Corning Incorporated's (NYSE:GLW) 25% Jump Shows Its Popularity With Investors

Simply Wall St

Corning Incorporated (NYSE:GLW) shares have continued their recent momentum with a 25% gain in the last month alone. Looking back a bit further, it's encouraging to see the stock is up 71% in the last year.

After such a large jump in price, given close to half the companies in the United States have price-to-earnings ratios (or "P/E's") below 18x, you may consider Corning as a stock to avoid entirely with its 68.8x P/E ratio. Nonetheless, we'd need to dig a little deeper to determine if there is a rational basis for the highly elevated P/E.

With earnings growth that's superior to most other companies of late, Corning has been doing relatively well. It seems that many are expecting the strong earnings performance to persist, which has raised the P/E. If not, then existing shareholders might be a little nervous about the viability of the share price.

View our latest analysis for Corning

NYSE:GLW Price to Earnings Ratio vs Industry August 9th 2025
Keen to find out how analysts think Corning's future stacks up against the industry?
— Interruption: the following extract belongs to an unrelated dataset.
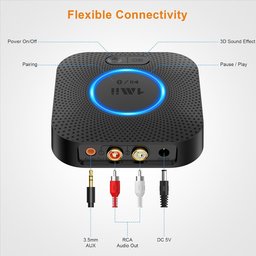 مستقبل بلوتوث 1Mii B06 Plus، محول صوت لاسلكي عالي الدقة (HiFi) 1Mii B06 Plus Bluetooth Receiver, HiFi Wireless Audio Adapter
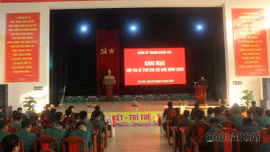 Trung đoàn 254 tổ chức thành công Hội thi Bí thư Chi bộ giỏi cấp Trung đoàn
In that case, our free report is a great place to start.

Does Growth Match The High P/E?

The only time you'd be truly comfortable seeing a P/E as steep as Corning's is when the company's growth is on track to outshine the market decidedly.

Retrospectively, the last year delivered an exceptional 87% gain to the company's bottom line. Still, incredibly EPS has fallen 60% in total from three years ago, which is quite disappointing. Accordingly, shareholders would have felt downbeat about the medium-term rates of earnings growth.

Shifting to the future, estimates from the nine analysts covering the company suggest earnings should grow by 45% per annum over the next three years. That's shaping up to be materially higher than the 11% per annum growth forecast for the broader market.

With this information, we can see why Corning is trading at such a high P/E compared to the market. It seems most investors are expecting this strong future growth and are willing to pay more for the stock.

What We Can Learn From Corning's P/E?

The strong share price surge has got Corning's P/E rushing to great heights as well. Generally, our preference is to limit the use of the price-to-earnings ratio to establishing what the market thinks about the overall health of a company.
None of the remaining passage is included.